En el campo de las relaciones de pareja ocurre otro tanto. Es una guerra sin cuartel en la que cada cual persigue imponer sus condiciones mediante el ablandamiento del rival. Las estrategias varían dependiendo de las personalidades de los contendientes y del momento en que se emplean; eso sí, fluctúan entre el melindre y el maltrato. En medio, no faltan las situaciones que llaman a la risa de los terceros. Los adversarios jamás ríen: sería una afrenta mayor de imprevisibles consecuencias.

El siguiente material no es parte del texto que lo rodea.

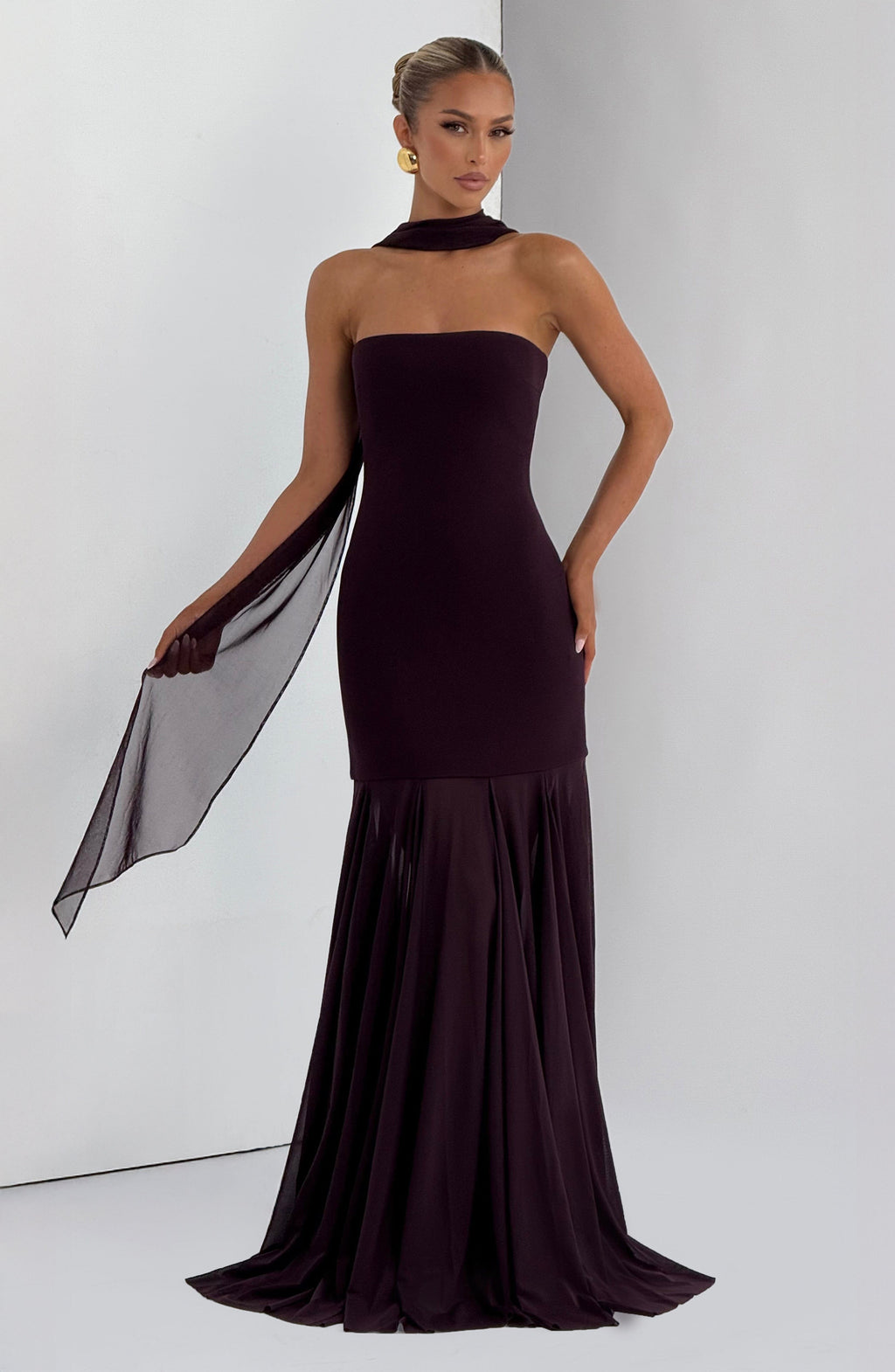 Tanya Gown - Plum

Dicen que no hay peor sordo que el que no quiere oír. Algunos no oyen como mecanismo de defensa. Recuerdo a un muy querido tío que optó por hacerse el sordo para limitar las cantaletas de su mujer. Todo consistía en resistir un poco al principio para agotar la paciencia de su cónyuge, que ante las interjecciones de sorpresa o incomprensión del marido a cada uno de sus reclamos, suspendía el sermón con un “contigo no se puede, es inútil seguir hablando”. Mi tío se retiraba a disfrutar en soledad del éxito de su estrategia. Mi tía mascullaba su derrota. Algo parecido, guardadas las proporciones, al fracaso de Napoleón en su campaña contra Rusia que terminó con la trágica retirada de Moscú.
En la lucha por imponer criterios las parejas olvidan su disímil temperamento, determinado por la naturaleza. Se creen iguales cuando las diferencias por razón del sexo son enormes. Especialmente en materia de prioridades. Un ejemplo viene bien: al recibir una invitación para una fiesta la mujer piensa, “¿qué me pondré?”. El hombre, a su turno, “¿será que vamos?”
La sensibilidad forjada por los años convierte en troneras las pequeñas diferencias. Las zonas de distensión se reducen, las hostilidades se acrecientan, los diálogos se extinguen. Cada cual marca su territorio y acentúa sus gustos. La mujer prefiere comer vegetales y carnes blancas; el hombre harinas y carnes rojas. Ella selecciona las vías con semáforos; él las elude. Nimiedades que se van acumulando. Como la lava de los volcanes.
El punto culminante llega cuando la mujer solicita una opinión al marido. Volvamos al ejemplo de la fiesta. Decididos a ir, ella duda entre dos atuendos: si él escoge el primero, ella se pone el segundo. Y viceversa. Pero, si no emite ninguna opinión, le espeta un “¿por qué no dices nada?”